NATIONAL NEWS - The Congress of South African Trade Unions-affiliated South African Society of Bank Officials (Sasbo) has been interdicted from going on a nationwide strike in the banking sector tomorrow.
Speaking after the ruling, the union said it would respect the judgment, while filing an urgent appeal against it. They will also head back to Nedlac in the matter.
Sasbo urged its members not to strike.
Sasbo’s was arguing before the labour court that its shutdown should be allowed, to let 40,000 to 70,000 finance sector employees stay away from work in a campaign against planned job cuts in the banking sector.
However, the court ruled that any planned protest would now have to go ahead unprotected by labour law as proper processes were not followed.
Business Unity South Africa (Busa) launched an urgent court challenge against Sasbo due to the impact the strike would have on the economy.
Basa managing director Cas Coovadia yesterday said banks recognised the rights of workers to engage in protest action, but the planned stayaway would “further burden the economy and deter investment”.
“The only sustainable solution lies in improved education and attracting higher levels of investment to drive economic growth and job creation.
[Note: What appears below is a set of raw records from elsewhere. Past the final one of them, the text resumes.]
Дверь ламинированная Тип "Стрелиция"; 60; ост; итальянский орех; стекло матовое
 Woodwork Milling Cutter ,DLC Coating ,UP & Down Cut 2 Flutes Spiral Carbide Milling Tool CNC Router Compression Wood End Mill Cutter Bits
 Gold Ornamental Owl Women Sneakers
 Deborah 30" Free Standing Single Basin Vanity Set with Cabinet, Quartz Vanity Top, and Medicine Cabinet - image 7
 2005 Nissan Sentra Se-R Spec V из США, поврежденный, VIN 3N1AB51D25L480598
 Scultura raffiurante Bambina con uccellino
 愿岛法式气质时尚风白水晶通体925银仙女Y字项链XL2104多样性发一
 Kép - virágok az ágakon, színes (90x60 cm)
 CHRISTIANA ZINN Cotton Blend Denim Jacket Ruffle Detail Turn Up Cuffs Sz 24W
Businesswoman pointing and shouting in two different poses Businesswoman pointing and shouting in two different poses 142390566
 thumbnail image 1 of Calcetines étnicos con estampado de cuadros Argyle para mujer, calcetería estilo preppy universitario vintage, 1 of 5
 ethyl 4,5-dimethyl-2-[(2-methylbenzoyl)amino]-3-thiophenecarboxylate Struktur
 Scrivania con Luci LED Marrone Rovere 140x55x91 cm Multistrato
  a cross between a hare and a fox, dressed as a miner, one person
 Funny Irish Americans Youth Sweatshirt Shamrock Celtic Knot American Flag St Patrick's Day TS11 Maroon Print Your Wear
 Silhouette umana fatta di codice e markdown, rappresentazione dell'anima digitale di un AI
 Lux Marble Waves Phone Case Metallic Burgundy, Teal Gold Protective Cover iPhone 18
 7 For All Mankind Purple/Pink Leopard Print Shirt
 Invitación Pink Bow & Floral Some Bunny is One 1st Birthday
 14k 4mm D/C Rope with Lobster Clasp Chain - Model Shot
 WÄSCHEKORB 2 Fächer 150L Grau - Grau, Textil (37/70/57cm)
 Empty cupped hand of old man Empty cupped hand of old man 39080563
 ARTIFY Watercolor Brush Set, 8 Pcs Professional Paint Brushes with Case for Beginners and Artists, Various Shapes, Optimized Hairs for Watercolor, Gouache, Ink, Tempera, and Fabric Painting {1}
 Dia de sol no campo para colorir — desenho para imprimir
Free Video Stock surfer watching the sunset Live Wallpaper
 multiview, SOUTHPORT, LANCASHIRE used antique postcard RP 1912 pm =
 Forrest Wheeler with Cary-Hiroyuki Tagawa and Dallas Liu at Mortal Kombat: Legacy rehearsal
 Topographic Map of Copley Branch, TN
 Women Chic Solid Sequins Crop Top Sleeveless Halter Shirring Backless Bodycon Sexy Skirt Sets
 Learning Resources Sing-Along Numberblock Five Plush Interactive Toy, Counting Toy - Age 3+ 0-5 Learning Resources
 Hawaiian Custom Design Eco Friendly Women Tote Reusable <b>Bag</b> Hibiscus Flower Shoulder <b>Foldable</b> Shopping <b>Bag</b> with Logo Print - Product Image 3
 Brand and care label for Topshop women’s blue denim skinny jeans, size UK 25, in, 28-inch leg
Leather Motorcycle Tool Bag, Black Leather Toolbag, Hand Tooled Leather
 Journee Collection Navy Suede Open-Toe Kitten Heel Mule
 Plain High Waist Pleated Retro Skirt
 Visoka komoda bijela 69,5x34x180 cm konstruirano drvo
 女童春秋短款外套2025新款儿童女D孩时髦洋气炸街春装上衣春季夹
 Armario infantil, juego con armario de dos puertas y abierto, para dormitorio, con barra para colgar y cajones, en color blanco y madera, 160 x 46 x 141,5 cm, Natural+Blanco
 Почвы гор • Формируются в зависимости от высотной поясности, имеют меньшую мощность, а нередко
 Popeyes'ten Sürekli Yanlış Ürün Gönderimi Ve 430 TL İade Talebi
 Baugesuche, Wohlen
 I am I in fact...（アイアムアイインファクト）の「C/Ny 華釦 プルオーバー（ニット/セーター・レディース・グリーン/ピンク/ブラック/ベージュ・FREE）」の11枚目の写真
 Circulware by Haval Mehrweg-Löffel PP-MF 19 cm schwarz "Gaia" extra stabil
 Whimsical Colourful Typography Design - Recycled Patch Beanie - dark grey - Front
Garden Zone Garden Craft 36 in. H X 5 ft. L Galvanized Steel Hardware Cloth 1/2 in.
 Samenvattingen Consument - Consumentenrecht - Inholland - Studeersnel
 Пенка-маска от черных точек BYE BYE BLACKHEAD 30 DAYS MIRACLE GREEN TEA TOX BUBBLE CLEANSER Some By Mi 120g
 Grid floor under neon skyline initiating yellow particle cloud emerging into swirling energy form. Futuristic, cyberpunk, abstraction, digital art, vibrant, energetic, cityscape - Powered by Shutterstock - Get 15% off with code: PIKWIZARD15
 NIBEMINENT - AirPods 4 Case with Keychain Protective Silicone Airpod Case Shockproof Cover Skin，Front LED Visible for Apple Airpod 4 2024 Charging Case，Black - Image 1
“These require government, labour and business to work together in the national interest,” Coovadia said.
Protest actions needed to be undertaken in terms of the law, to ensure the safety of the public, businesses, customers, “as well as the least possible disruption to the economy”.
The global banking industry was “evolving in response to economic pressures, digital innovation and the changing way customers use and consume financial services”.
“The reduction of staff numbers in many traditional banking services is a worldwide phenomenon,” said Coovadia.
“Because of global changes, many in the local banking industry are having to restructure their businesses to ensure they remain sustainable and relevant to the needs of consumers.
“South African banks also have to manage the impact of low business volumes because of the state of the economy, which will remain weak for the foreseeable future.”
The South African Reserve Bank has predicted growth of only 0.6% for this year and under 2% through to 2021.
SA banks were “painfully aware of the high rate of unemployment in the country”.
“There have been negotiations with staff and their representatives in good faith, to minimise job losses,” said Coovadia.
“Where necessary and possible, they manage their staff numbers through natural attrition and by providing training and new opportunities to affected employees.
“Retrenchment is a last resort.
“Basa members who are restructuring their businesses have indicated that a few hundred employees are at risk of retrenchment, despite the efforts of redeployment and reskilling.
“Between them, South Africa’s six largest banks had 152,441 employees in 2018. This is an increase of more than 4,000 from 148,500 in 2015.
“Given the strong growth in smaller banks and financial technology companies, the financial system remains a growing employer.”
While Sasbo expected most banks to operate as usual tomorrow, it said its members were “taking the necessary precautions to minimise disruption and inconvenience to customers”.
Coovadia advised bank customers – in cases of unavoidable disruptions at branches – to make use of digital banking services.
Banks would be “carefully monitoring the situation to ensure the safety of their customers and staff”.